You can see this place on Google Earth at coordinates 18 30 05.43 N and 73 52 33.09 E. It is actually labeled as Dhobi Ghat in Wikimapia. It lies to the left of the large open space called Golibar Maidan (Firing Ground). (Building No 1, Mira Society lies just a little lower down, though no KR Bora lived there at the time I was there.) The Office of the Controller of Defence Accounts (Officers) or CDA(O), whose task is to maintain pay accounts of all Army Officers (numbering more than 30,000), lies just to the south of Golibar Maidan. Near it is a small cluster of Army-owned buildings called 'Separated Families Accommodation', given to families of
officers serving in remote areas.

It is easy to see why the Dhobi Ghat is where it is. To the East and South lie the cantonments of Poona. Officers and others living there needed clothes-washing services of dhobis (washermen).
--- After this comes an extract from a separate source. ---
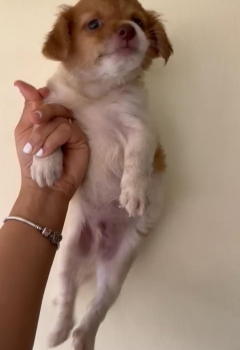Chihuahua mariposa disponible
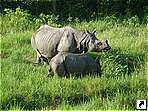 Носороги, Национальный парк Читван, Непал.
The Mutha Right Bank Canal, taking off from the old Khadakwasla Dam at the foot of the Sinhagad Fort, crosses the Shankarseth Road near the Golibar Maidan. The canal is clearly seen in Google Earth and Wikimapia. Availability of this water brought the Dhobi Ghat here. Golibar Maidan too is where it is as the soldiers living in the Cantonment needed a large empty ground for their firing practice. This entire area, full of residential and office buildings today, was totally empty till the 1950. The entire length of Shankarseth Road was taken up by a couple of Film Studios, which have since then disappeared.
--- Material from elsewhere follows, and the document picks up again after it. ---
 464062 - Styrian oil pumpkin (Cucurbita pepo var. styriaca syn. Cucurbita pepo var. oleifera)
The name of Shankarseth given to the road is also evocative of the Raj. It was unusual for the Raj days to name a street after a native, but an exception was made for Shankarseth, surely because he was a 'loyal progressive native'! Jagannath Shankarseth (Nana as he was affectionately called) was a rich person who lived in Girgaon, where his house still stood till the 1950's, just outside the Fort area of Bombay. He was the undisputed leader of the native community in the 1850's and was a well-known philanthropist and social reformer. He was also one of the founders and a
Director of the GIP Railway. His is one of the faces adorning the columns in the Main Hall of the Victoria Terminus in Bombay (now called Chhatrapati Shivaji Terminus or CST, recently seen the terrorist attack. (See the portion '100 years of Victoria Terminus,Bombay in the webpage http://www.irfca.org/articles/vikas/stamps.html ). His large sitting statue in marble is kept at the entrance of the Asiatic Society's Library in Bombay. The square in Girgaum called 'Nana Chowk' is an important landmark of old Bombay and is named after Nana Shankarseth as he lived in the vicinity of that spot. (Hardly anyone knows - indeed cares for - this small detail!)

He is remembered by the young generation of today for the prestigious prize called 'Shankarseth Scholarship' given to the student who scores top marks in Sanskrit in the Secondary School Certificate Examination. This scholarship is now more than ahundred years old. With the diminishing of the importance of Sanskrit (like the Classics in the Western countries) this scholarship has lost some of its glamour, though in earlier times it was the ambition of every bright student appearing for the High School Final certification examination to become the Shankarseth Scholar of his year. Among several such scholars who distinguished themselves in later life, was Sir Chintaman Deshmukh (C.D. Deshmukh as he is now known) of the ICS. He was the first Indian Governor of the Reserve Bank of India, prior to 1947. After independence he was Nehru's Finance Minister for a few years before his differences with Nehru on granting Bombay to Maharashtra when linguistic states were created in 1956 led to his resignation.

All these stray thoughts came to me when I read the newspaper piece about the cemetery and I have noted them down in the hope that the Listers will find them informative.